» Task material:
▬▬▬▬▬▬

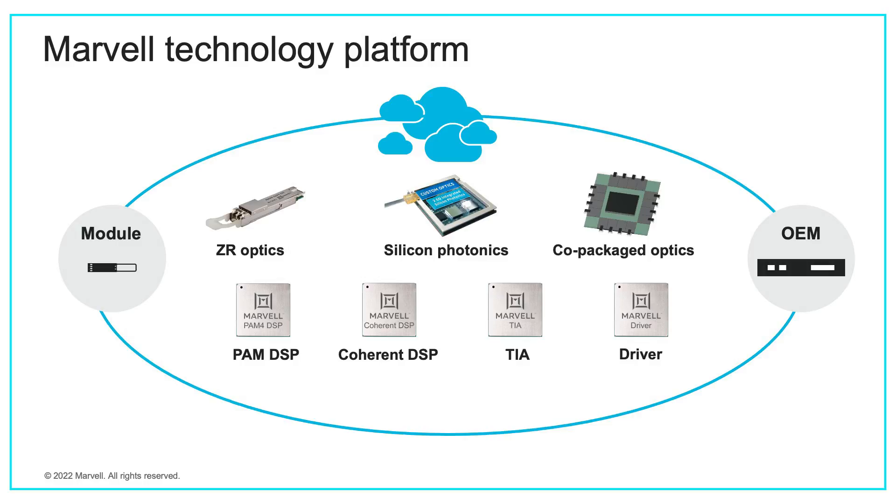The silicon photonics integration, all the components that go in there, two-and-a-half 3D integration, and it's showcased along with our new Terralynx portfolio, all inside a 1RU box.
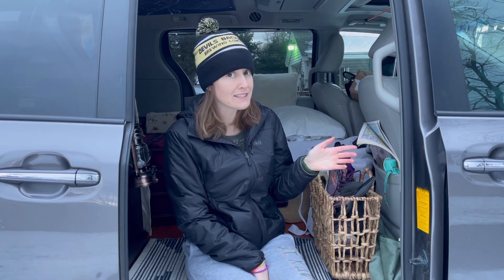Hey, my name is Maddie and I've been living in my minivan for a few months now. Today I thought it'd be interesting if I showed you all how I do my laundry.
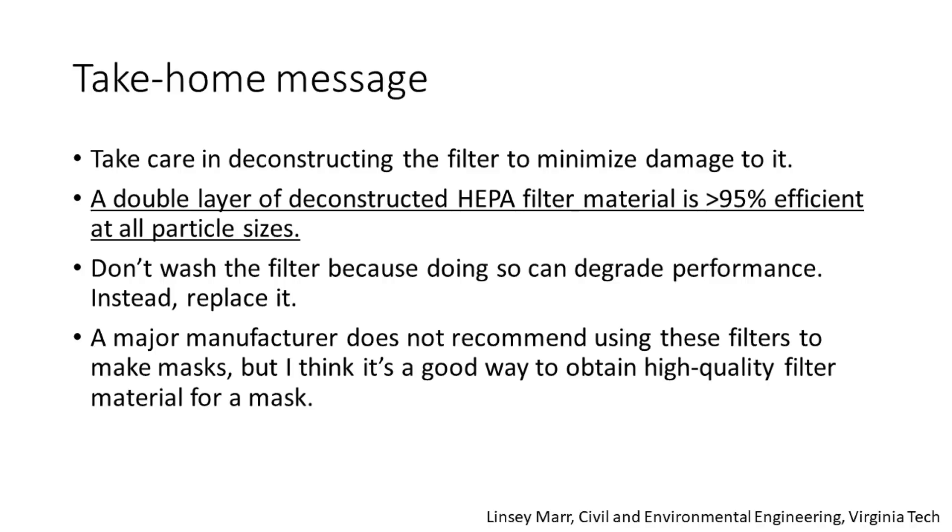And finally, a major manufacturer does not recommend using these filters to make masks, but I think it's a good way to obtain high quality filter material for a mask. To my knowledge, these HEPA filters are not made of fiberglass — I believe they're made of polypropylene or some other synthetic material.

▬▬▬▬▬▬

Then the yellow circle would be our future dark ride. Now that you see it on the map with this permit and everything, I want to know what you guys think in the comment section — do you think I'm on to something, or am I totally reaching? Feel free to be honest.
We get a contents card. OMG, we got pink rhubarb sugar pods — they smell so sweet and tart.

▬▬▬▬▬▬

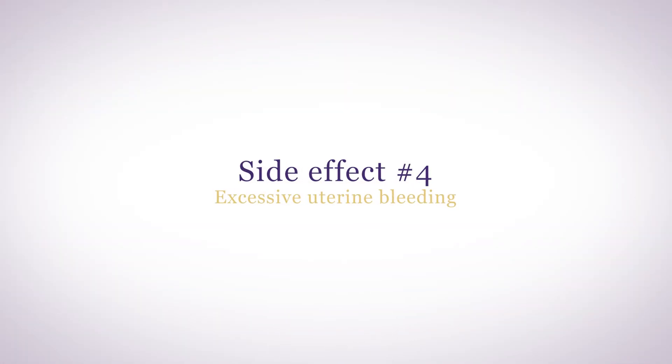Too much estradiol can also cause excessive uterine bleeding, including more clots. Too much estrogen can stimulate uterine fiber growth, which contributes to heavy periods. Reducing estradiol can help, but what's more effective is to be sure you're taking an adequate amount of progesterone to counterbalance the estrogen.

▬▬▬▬▬▬

» What is needed: In the records above, find the line with "Hey, my name" and the line with "And finally, a"; please transcribe exactly those two lines and all lines between them, omitting any picture.

» Response area:
Hey, my name is Maddie and I've been living in my minivan for a few months now. Today I thought it'd be interesting if I showed you all how I do my laundry.
And finally, a major manufacturer does not recommend using these filters to make masks, but I think it's a good way to obtain high quality filter material for a mask. To my knowledge, these HEPA filters are not made of fiberglass — I believe they're made of polypropylene or some other synthetic material.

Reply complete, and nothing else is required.